Mas não passou despercebido dos olhares afiados da política uma oportunidade para Lula no caminho para as eleições de 2026.

"Igualmente importante: o Palácio do Planalto vê isso como uma grande oportunidade para 2026. O Itamaraty e MDIC tentavam segurar o Lula para não ter um discurso mais de confronto.

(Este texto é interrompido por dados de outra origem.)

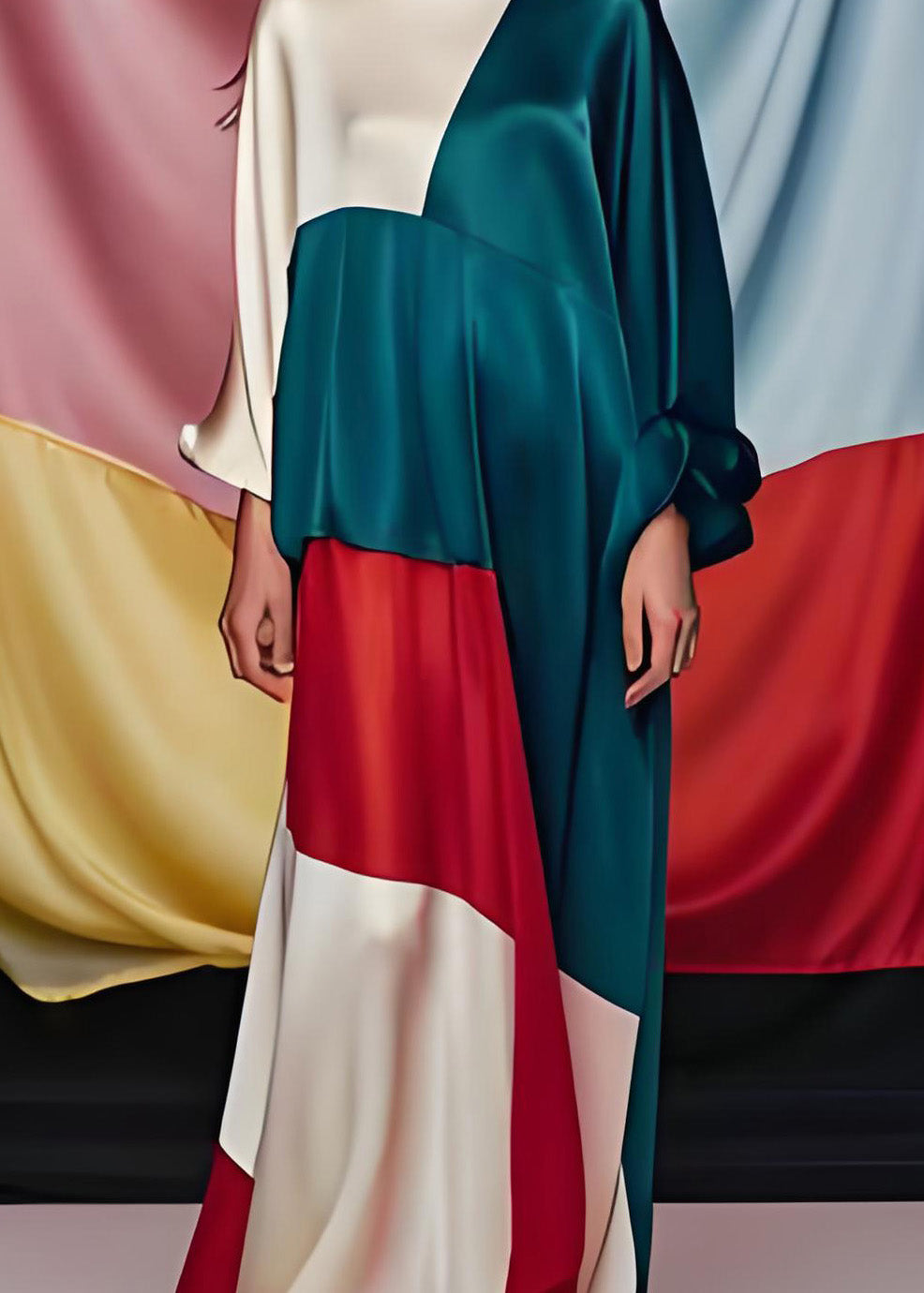 Unique Colorblock O Neck Patchwork Silk Party Maxi Dress Long Sleeve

Agora não tem nada que segure e vão pintar a família Bolsonaro como se aliando a alguém que está tirando emprego do Brasil", diz Garman.

Ele pondera que a decisão de Trump foi mais política do que motivada por quaisquer fatores econômicos. "Os incentivos eleitorais são para o acirramento da retórica de Lula", afirma.

Não por menos, o perfil do PT no X postou na noite de hoje um vídeo no qual diz: "É todo mundo contra o tarifaço de Trump e Bolsonaro".

Como lembra Maurício Moura, professor da George Washington University e fundador do instituto de pesquisa Ideia, antagonizar com Trump se mostrou um excelente cabo eleitoral em diversos países desde a volta do republicano à Casa Branca.

"O factual é que depois de Trump fazer essas abordagens frontais contra países ou chefes de Estado, houve uma melhora na popularidade deles", afirma Moura.

O maior exemplo, destaca o professor, foi Mark Carney, recentemente eleito primeiro-ministro canadense. "Mas isso aconteceu também com o Vladimir Zelensky, da Ucrânia, a Claudia Sheinbaum, no México, com Emmanuel Macron, da França", diz.

LEIA DE NOVO: Como Trump influencia eleições de outros países —e ajuda seus opositores

Ele lembra que Trump é uma figura rejeitada ao nível internacional.

"Todas as pesquisas mostram que ele é muito mais rejeitado, que tem uma imagem muito pior do que a dos Estados Unidos, por exemplo, em vários países", diz. "Quando uma figura amplamente rejeitada verbaliza esse tipo de ataque, obviamente ele cria um inimigo comum na opinião pública e isso beneficia a popularidade dos chefes de Estado que passam por isso."